Scott Gravelle, the CEO of Attabotics Inc., a robotics logistics company based in Calgary, Alta., Tuesday, Aug. 18, 2020.Jeff McIntosh/The Globe and Mail
Calgary robotics startup Attabotics Inc. filed under Canada’s bankruptcy act last week after its largest secured creditor, Export Development Canada, sought to enforce its security over the company’s assets, according to documents filed with an Alberta court.
The insolvent company, now down to nine non-executive employees after laying off 192 of its 203-person staff and suspending most of its operations on June 30, is now soliciting options to sell its assets or business over the next month after it failed to raise financing that would have enabled it to fund a spate of new business.
Attabotics last Wednesday filed an intention to make a proposal under the Federal Bankruptcy and Insolvency Act, and two days later received approval from Justice John Gill of the Court of King’s Bench of Alberta to obtain $1.5-million in interim funding from EDC, its largest secured creditor. The company had previously raised $220-million in financing from backers including EDC, Ontario Teachers’ Pension Plan Board, Coatue Management and Comcast Ventures plus $34-million from the federal Strategic Innovation Fund.

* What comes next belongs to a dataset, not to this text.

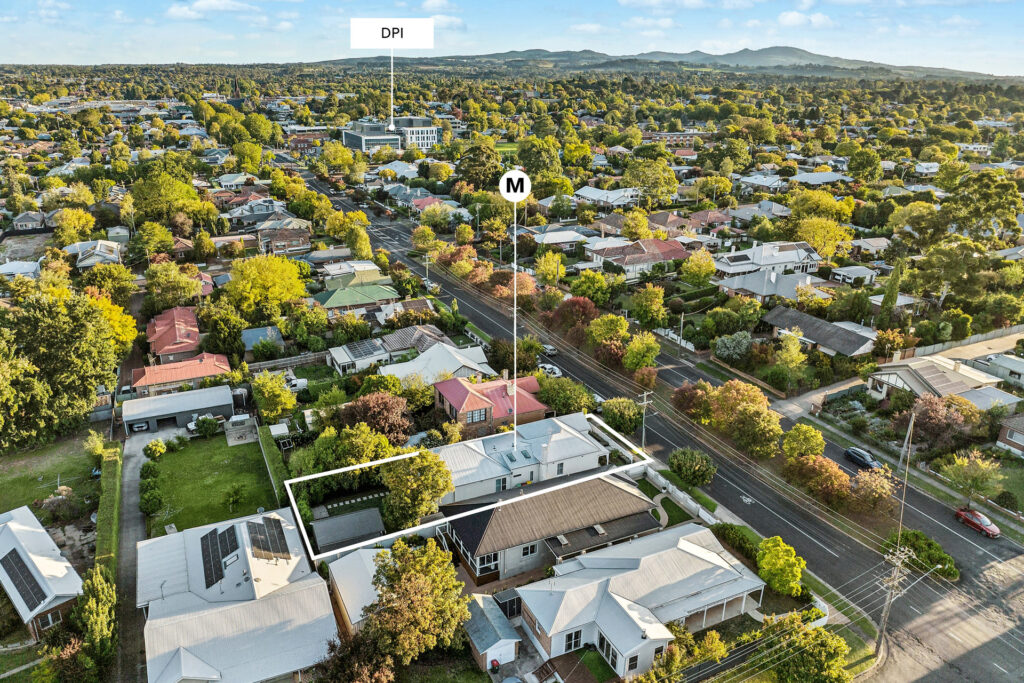 Sold - 338 Anson Street - New Property in Orange - Real Estate by Scott Petersen
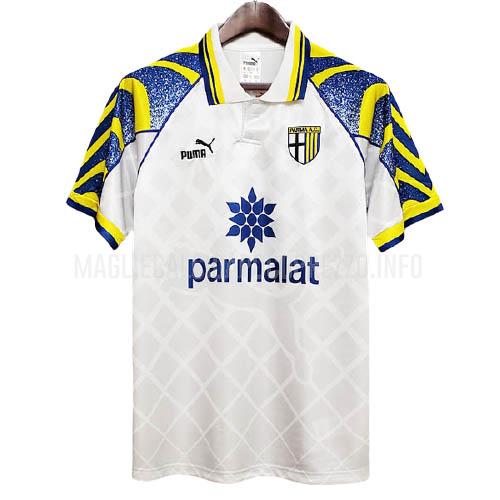 maglietta parma calcio home 1995-97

Attabotics, incorporated in 2016 and founded by CEO Scott Gravelle, made automation equipment used to fulfill orders that transforms product warehouses into high-density, vertical and scalable storage structures inspired by ant-colony frameworks. Instead of moving goods from aisle to aisle, Attabotics robots move up and down vertical structures, grabbing goods with extendable arms, then bringing them back to workers who prepare them for packing and shipping.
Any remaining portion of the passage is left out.